Other early sources include front line reporters serving under a strict code of reporting conduct imposed by U.S. forces and agencies. Later studies contending with these earlier accounts, most prominently Gareth Porter's examination, were highly critical of the initial reports and sought to defend North Vietnam against the impact of the alleged propaganda. On the other hand, Porter admitted that there were executions in Huế during the occupation. Porter argued that the executions were the actions of individuals rather than the policy of the NLF. Shortly thereafter one of Porter's leading witnesses, Alje Vennema, published a book about the massacre supporting Pike's version.

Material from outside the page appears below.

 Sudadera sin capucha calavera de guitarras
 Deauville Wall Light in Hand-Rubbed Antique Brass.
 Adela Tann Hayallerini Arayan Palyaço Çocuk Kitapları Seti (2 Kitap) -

Marilyn B. Young in The Vietnam Wars, 1945-1990 contends,
"In the early days of the occupation, there were indeed summary executions ... and as the occupation ended in the firestorm of artillery and aerial bombardment, retreating Vietcong troops executed many of those they held in custody (rather than either releasing them or keeping them prisoner), not in the numbers Saigon and Washington charged, but certainly enough to have posed troubling questions for the people of Huế who survived..."
Douglas Pike's account referencing the government of South Vietnam's estimated civilian casualties states:
"The story remains uncompleted. If the estimates by Huế officials are even approximately correct, nearly 2,000 people are still missing (as of late 1970)."